Chennai (Inde), connexion

Symbole de l’impunité des industriels et de l’abandon des pouvoirs publics, l’usine Union Carbide reste abandonnée au cœur de Bhopal, 2,5 millions d’habitants. Ses déchets toxiques continuent d’empoisonner les nappes phréatiques, comme pour prolonger l’enfer vécu par ses habitants depuis 1984.

« On ne se souvient de Bhopal que par le spectacle de ses conséquences immédiates, mais c’est une tragédie lente et progressive, dans le - et dans l’espace. »écrit Nikhil Deb, spécialiste de la justice environnementale et auteur de Violence lente et crise du gaz dans l’Inde néolibérale (Oxford, 2021).

L’enfer commence le matin du 3 décembre, dans le froid hivernal du nord de l’Inde. Les habitants de Bhopal se réveillent en vomissant, avec des brûlures aux voies respiratoires et aux yeux, et une toux si douloureuse « nous prions Dieu de mourir rapidement »se souvient Rashida Bi, alors âgée de 25 ans.

Dans ces premiers jours, au moins 3 800 personnes mourront par asphyxie, œdème pulmonaire ou cérébral.

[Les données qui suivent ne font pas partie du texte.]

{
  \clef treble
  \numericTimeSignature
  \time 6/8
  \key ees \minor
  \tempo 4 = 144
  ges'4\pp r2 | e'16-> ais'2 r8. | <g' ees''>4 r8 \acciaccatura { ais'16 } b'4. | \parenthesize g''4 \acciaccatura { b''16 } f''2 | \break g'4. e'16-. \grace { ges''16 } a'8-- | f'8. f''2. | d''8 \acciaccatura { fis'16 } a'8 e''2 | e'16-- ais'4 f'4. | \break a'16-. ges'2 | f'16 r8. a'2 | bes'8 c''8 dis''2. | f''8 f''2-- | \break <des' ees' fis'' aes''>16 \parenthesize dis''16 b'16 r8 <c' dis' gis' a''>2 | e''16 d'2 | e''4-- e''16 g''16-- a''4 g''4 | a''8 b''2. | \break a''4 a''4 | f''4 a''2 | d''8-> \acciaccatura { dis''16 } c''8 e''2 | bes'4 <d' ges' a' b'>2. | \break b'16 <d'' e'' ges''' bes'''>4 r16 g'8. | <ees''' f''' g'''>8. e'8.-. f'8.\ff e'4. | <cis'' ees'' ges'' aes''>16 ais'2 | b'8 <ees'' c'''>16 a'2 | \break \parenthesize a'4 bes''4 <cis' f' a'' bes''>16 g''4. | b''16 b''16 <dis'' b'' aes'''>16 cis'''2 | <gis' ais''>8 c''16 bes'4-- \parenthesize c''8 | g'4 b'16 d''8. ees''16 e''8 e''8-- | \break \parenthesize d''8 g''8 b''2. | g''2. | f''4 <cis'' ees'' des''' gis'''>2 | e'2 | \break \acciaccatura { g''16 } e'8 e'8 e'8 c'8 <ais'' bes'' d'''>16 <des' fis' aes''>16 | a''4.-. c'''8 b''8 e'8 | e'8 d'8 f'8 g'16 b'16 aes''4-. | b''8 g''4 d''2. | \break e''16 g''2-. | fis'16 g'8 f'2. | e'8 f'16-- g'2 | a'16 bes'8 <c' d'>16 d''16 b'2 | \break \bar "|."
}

Ils ne le savent pas encore, mais ils ont respiré, entre autres, de l’isocyanate de méthyle, un gaz 500 fois plus toxique que le cyanure d’hydrogène. Dans la nuit du 2 au 3 décembre, 45 tonnes de ce gaz s’échappent de l’usine de pesticides d’Union Carbide, une entreprise américaine faisant désormais partie du géant Dow Chemical.

« Nous ne savons pas quand

l’horreur prendra fin »

Mais le pire attend encore les habitants. Plus de 10 000 personnes mourraient de complications au cours des décennies suivantes. Le calvaire continue aujourd’hui. « Plus de 150 000 personnes exposées souffrent toujours d’une constellation de symptômes imputables à la catastrophe : maladies respiratoires, gastro-intestinales, neurologiques, ophtalmologiques ou psychiatriques. »note un rapport de Lancette sorti pour ce triste anniversaire.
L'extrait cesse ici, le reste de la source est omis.